Poco se dice que lo de Cataluña está siendo usado para tapar una corrupción generalizada en nombre de las patrias. Varios líderes del gobierno catalán y del español están imputados por delitos extremadamente graves.

Lo malo es que lo que quedará de todo esto es una Cataluña partida en dos, con familias divididas, con jóvenes que ya odian a España; un choque de trenes podría llegar a ocurrir en cualquier momento.

La solución, a estas alturas, con la caja de Pandora abierta, no es la fuerza por mucho que lo escriba la Constitución española. No se trata sólo de legalidad sino también de legitimidad frente a un problema cuya causa es colectiva.
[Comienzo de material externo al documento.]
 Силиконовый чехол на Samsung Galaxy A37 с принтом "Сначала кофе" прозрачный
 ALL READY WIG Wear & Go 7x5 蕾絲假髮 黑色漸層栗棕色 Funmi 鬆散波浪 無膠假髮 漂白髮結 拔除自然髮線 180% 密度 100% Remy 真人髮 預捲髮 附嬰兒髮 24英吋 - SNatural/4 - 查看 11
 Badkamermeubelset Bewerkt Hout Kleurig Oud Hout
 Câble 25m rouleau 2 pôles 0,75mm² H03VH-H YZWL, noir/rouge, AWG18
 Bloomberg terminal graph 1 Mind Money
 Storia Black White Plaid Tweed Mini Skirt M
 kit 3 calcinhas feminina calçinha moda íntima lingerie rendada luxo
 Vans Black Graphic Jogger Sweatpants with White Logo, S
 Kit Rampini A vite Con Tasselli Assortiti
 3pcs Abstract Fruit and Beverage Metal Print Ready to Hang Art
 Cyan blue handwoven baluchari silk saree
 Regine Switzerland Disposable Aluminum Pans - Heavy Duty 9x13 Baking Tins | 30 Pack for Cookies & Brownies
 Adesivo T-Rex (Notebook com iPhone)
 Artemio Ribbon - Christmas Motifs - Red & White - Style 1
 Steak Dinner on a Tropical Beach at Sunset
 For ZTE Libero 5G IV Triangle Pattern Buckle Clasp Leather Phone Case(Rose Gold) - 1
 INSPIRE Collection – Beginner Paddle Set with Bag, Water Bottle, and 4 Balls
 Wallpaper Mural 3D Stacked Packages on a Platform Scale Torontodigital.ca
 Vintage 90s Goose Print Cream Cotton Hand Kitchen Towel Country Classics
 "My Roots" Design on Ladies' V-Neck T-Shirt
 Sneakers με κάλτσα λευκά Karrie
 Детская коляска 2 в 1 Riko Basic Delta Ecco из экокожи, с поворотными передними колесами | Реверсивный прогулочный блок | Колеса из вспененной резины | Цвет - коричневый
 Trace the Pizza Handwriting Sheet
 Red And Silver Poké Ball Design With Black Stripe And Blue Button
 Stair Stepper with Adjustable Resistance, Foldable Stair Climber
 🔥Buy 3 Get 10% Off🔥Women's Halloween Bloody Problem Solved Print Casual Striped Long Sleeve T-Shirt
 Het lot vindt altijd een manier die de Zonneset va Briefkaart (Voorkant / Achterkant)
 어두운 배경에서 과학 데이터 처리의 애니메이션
Habrá que conseguir un diálogo basado en la paz y en reconocer los sentimientos y razones de ambas mitades de la población catalana mediante instrumentos legitimados en una remozada constitución que proponga una España federal y plurinacional; que incluya, más adelante, la posibilidad de un referéndum vinculante para dirimir la independencia de sus naciones históricas, si sus parlamentos así lo deciden.

 Referéndum que considere todos los resguardos legales democráticos, nítida información de las consecuencias, y altos quórums para un cambio tan profundo; para que nadie pueda utilizar los sentimientos ajenos para tapar sus pecados. Y una segunda votación, cuando haya pasado un tiempo adecuado, para refrendar lo votado.

Los catalanes independentistas, en todo caso, deberían tener en cuenta que Cataluña, como buena parte de Europa, muy pronto será  un territorio manejado a control  remoto por Beijing, no por Madrid. Y que es mejor tener aliados conocidos, querendones y medios parientes.